So, not a whole lot of suspense or tension. This could have been made up for by the stab Wilson makes at serious philosophy, but that stab is entirely undone by the author’s complete dismissal of a full fifty percent of the population. (How seriously can you take someone whose conception of ideal womanhood is a mystical Pussy Galore?) All that’s left is the writing, the male characters, and the few bits of story that hang around once we go all freaky; and, to give credit where credit is due, while the plusses here don’t outweigh the minuses, the writing is good, the characters are distinctive, and, aside from the afore mentioned deus ex machina and the disappearance of the aliens for the middle third of the novel, the plot isn’t too bad. There’s just no real pay-off, and the final coda, well-

Let’s just say it wants to be far more meaningful than it actually is. Like we’re saying “Huh?” when we should be saying “Wowwww.”.

SCREEN:
Screen
Buy this!
Lifeforce, directed by Tobe Hooper
On a joint American/British mission to investigate Halley’s Comet, the Churchill discovers a fifty mile long ship floating in the comet’s tail. Inside, the crew finds the bodies of a number of naked men and women- Colonel Tom Carlsen (Steve Railsback) is particularly struck by one woman(Mathilda May) and her nearly supernatural beauty. The crew takes three of the bodies and their glass coffins onto their own ship; unable to contact Mission Control with news of their findings, they set a course for home. Two months later, when the ship arrives back on Earth, the entire crew is dead and the insides of the vessel are scarred by a terrible fire. The three alien bodies are intact, however, and the London government removes them for study. Soon the female wakes, draining some sort of energy out of her guard and blasting her way out of the complex. During the autopsy of the desiccated guard’s corpse, the body comes back to life and devours the energy of one of the attending doctors, restoring himself to full health. The scientists soon discover that anyone drained by one of the aliens (or one of the aliens’ victims) regains consciousness in two hours, but breaks apart almost immediately if unable to consume the life force of a fully healthy human being. Prof. Fallada (Frank Finlay) and Colonel Colin Caine (Peter Firth) realize they have a plague of near limitless destructive potential at loose in the city, but are at a loss on how to proceed. Fortunately, an escape pod from the Churchill has been discovered in the countryside; in it is the still living Carlsen. He is quickly flown to London and questioned at length- the investigators soon discover that Carlsen may have a connection to the female alien that could be of great use to them…

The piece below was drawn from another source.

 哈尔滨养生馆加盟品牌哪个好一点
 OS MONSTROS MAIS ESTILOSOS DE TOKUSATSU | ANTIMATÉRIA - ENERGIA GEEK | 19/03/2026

If you haven’t seen it, there’s probably two things you know about Lifeforce:
1. It’s weird.
2. Mathilda May is naked. A lot.

Just to start off on the track of every reviewer before me, both of those things are true. Unfortunately there’s a bit more to say, or else I could knock off early. (Yeah, like I have anything better to do.)

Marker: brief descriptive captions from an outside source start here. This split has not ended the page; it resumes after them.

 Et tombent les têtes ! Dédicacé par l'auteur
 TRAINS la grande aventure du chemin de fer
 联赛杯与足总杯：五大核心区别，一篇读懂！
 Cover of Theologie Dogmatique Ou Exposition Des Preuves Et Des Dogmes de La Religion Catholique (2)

I’m not a big fan of Tobe Hooper. The Texas Chainsaw Massacre was terrific, I’ll grant you, and Poltergeist was cool (although it seems more like a Spielberg product than anything else), but the other stuff of his I’ve tried has left me cold. I’ve made my feelings on TCM part 2 abundantly clear elsewhere, and although I tried, I wasn’t able to even get through an entire showing of Invaders from Mars. It wasn’t awful, but it was dull, which is not something that can be said for most movies featuring body snatching giant brains from the planet Mars. I’d heard mixed reactions to Lifeforce; most people seemed to agree that it was an interesting experiment, but a failure overall. So lets just say, I had a few beers at the ready when I popped this one into the DVD player.

Well, Lifeforce certainly isn’t dull. Within the first twenty minutes, we get an alien spacecraft, a super hot nekkid Space Girl, a guy that goes from healthy to hollow in three seconds, a few evil-ish light shows, three living corpses, and lots of dead Brits. Most movies would slow down at this point; a super-fast opening act is one way of grabbing your audience’s attention, but keep it up for too long and they’re likely to get whiplash.

Our movie throws caution (and pretty much everything else) to the wind, and chucks enough at you to populate about a hundred regular horror/sci-fi films. For one low introductory price you get a whole lot more snazzy special effects, some truly insane dialogue, more nekkid Mathilda than you can shake a stick at, some Steve Railsback-kissing-Captain-Picard action, London overrun by thousands of zombies- oh sure, they’re technically vamps, but I know a zombie when I see it- and an ending the just barely manages to not explain anything that’s come before it, as well as adding a few new wrinkles to make your head hurt even more.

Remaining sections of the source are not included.